What to produce:
Look through the records, and whenever a line includes the word "Sillón", copy it.
*** Block opens ***
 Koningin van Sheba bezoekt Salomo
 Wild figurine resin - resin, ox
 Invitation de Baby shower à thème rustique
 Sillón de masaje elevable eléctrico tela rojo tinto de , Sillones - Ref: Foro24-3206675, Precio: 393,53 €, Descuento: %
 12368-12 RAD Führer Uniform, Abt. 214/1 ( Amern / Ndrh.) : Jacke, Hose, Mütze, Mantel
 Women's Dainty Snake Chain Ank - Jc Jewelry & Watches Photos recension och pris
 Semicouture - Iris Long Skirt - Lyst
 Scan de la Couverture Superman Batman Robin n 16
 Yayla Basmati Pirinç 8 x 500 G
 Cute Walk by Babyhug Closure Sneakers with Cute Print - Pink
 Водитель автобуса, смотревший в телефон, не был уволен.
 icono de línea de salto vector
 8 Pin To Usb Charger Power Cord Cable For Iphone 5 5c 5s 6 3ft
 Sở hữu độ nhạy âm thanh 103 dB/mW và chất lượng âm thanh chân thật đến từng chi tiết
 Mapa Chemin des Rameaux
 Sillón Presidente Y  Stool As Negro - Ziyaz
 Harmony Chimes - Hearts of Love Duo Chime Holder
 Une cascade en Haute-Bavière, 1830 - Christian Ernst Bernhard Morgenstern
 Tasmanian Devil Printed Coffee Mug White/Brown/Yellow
*** Block closes ***
Completed task:
 Sillón de masaje elevable eléctrico tela rojo tinto de , Sillones - Ref: Foro24-3206675, Precio: 393,53 €, Descuento: %
 Sillón Presidente Y  Stool As Negro - Ziyaz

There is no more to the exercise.